Tip #1: Find a Financial Advisor
The first thing you need to do is find a financial advisor. Just like you turn to a doctor to help you take care of your physical health, you should also turn to a financial professional to help you take care of your financial health. A fee-based financial advisor is someone who you pay directly for the services they provide you with. They can help you make smart investment decisions, and they can provide you with assistance in setting smart overall financial goals.
Tip #2: Create an Emergency Fund
Many people prioritize paying down debt or other financial obligations over creating an emergency fund. However, this is a mistake. Without an emergency fund, if you lose your job, you will not have money to continue to pay your bills, including your debt. It will not matter that you paid your auto loan balance down if you are not bringing in any money. An emergency fund is there to help you if you get laid off or if you experience another financial emergency, such as a broken-down car.
You should put money into your emergency fund every month. Start by building up one month of expenses in your emergency fund, and work to expand it until you reach a point where you could take care of a year's worth of expenses via your emergency fund.
Tip #3: Pay Down Debt
After you have started an emergency fund, it is important to start paying down debt. The less debt you have, the fewer bills you must pay. Paying down debt can help you get through a drop in your income.

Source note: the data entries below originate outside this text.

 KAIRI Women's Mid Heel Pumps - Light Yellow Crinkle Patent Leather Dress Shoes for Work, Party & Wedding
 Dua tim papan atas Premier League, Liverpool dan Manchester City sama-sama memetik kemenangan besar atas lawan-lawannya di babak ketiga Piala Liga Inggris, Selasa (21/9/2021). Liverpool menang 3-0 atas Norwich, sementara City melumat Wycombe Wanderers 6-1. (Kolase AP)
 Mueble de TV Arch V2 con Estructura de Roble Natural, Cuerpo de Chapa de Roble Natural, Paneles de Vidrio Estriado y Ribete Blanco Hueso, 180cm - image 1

There are many different tactics for paying off your debt. You can do the snowball effect, where you pay off your smallest debt first and then move onto your next largest debt, while also moving the money you were paying from the paid-off debt to the new debt. Or you can pay off your highest interest loans first. Or you can pay off a certain type of debt, such as your car loans, and then move onto other types of debts. The key is to find a method that works for you and allows you to eliminate debts, so you have fewer bills to pay.
Tip #4: Make Smart Investments
You should not stop investing. You should consider investing in smart stock options and in things like high-yield savings accounts and bonds. Regardless of the economic situation, it is important to be using your money to grow your money. You should be making investments in both your retirement fund and outside of your retirement fund.
Recession-proof your finances by working with a financial advisor. Create and build an emergency fund first then work on paying off debt to lower your monthly bills and obligations. Continue to make smart investments inside and outside of your retirement fund with the help of your fee-only financial advisor.